The main costs include capital, operational and transportation, as well as taxes
At this early stage, it is impossible to be accurate about the costs of extraction
Cost pressures include; planning and environmental permitting costs and the lack of a defined supply chain in the UK
What affects the cost of shale gas and what will the costs be in the UK?
As the shale gas industry in the UK is still at a very early stage, it is impossible to be completely accurate about the cost to extract onshore oil and gas.
The costs of producing unconventional gas include capital, operational and transportation costs, as well as taxes. These costs are dominated by the drilling of wells and are usually higher than for conventional gas because of the additional expense of hydraulic fracturing (fracking).
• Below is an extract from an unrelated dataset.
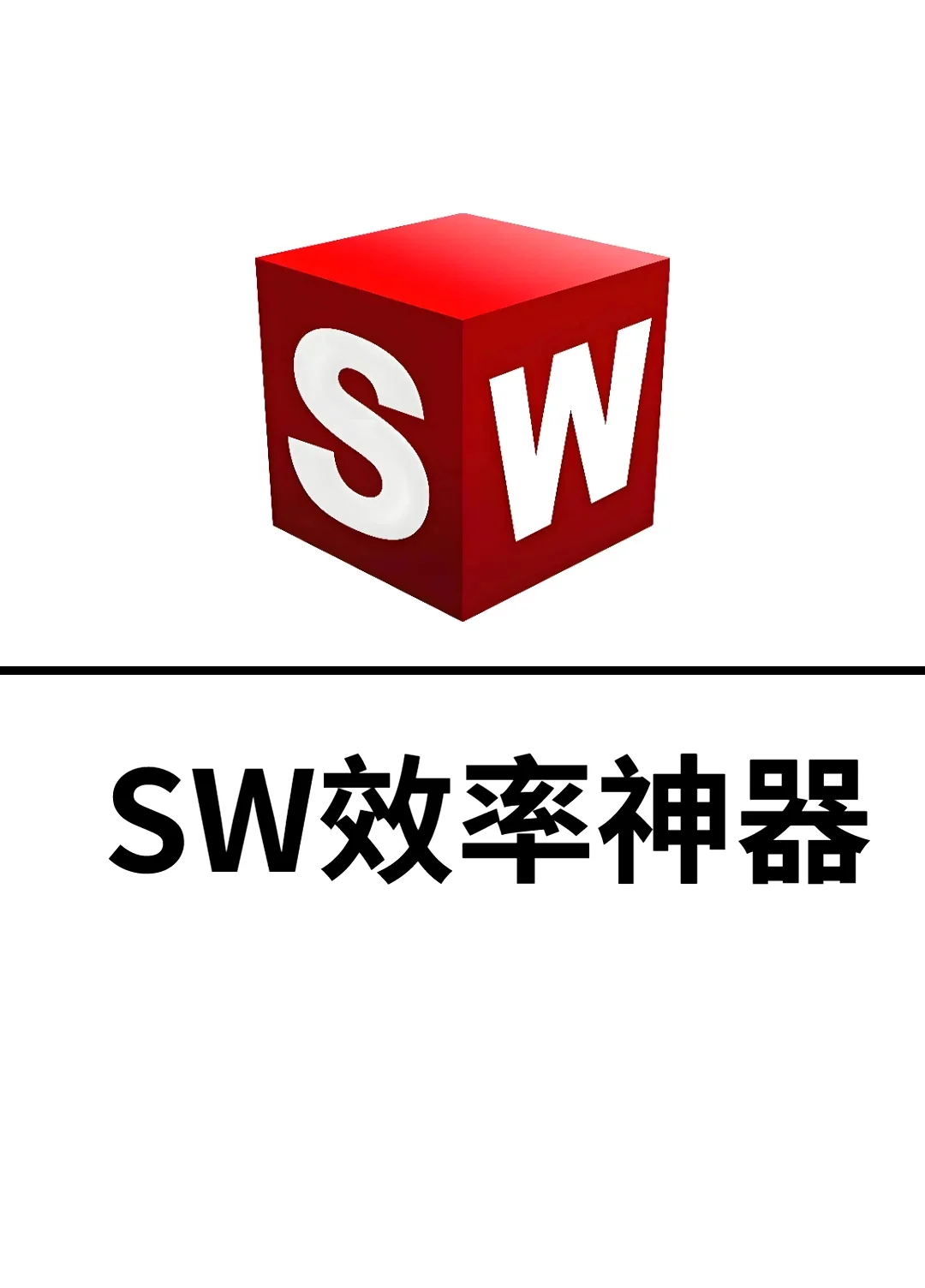 学SolidWorks必备插件！提高效率全靠它们！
There are varying reports on how the UK shale extraction cost will compare to the US, with some commentators predicting the difference as high as three times more expensive in the UK.
Unlike the US however, the UK does already have access to sophisticated gas distribution and transmission systems. Not only would it cost several billion pounds if these systems had to be built today, but it also means that the need for flaring will be far less than in the US.
A number of factors will determine the cost of extraction including:
- How much natural gas you can recover
- Development of a UK supply chain to generate price competition
- Climate change policies impacting on the cost of carbon
- Public perception and the impact on planning decisions
- Environmental and safety related costs
- Well success factors
- Well learning curve – time taken to reduce well costs
- Operator efficiency
While further testing is required, at this stage, it appears that in certain parts of the UK, the shale is significantly thicker than in the US. What this could mean is that a far greater amount of natural gas can be extracted at each well site.
However, the UK still suffers from a number of potential cost pressures which the US does not, in particular, the current lack of a shale supply chain.
For example one recent count showed that there are 863 land rigs in the US compared with 109 rigs in the whole of Europe, but this position will steadily improve as it did in the US.
In addition to the immature supply chain there is also a bigger environmental and regulatory cost of doing business in the UK, with longer lead times particularly around planning making scheduling difficult.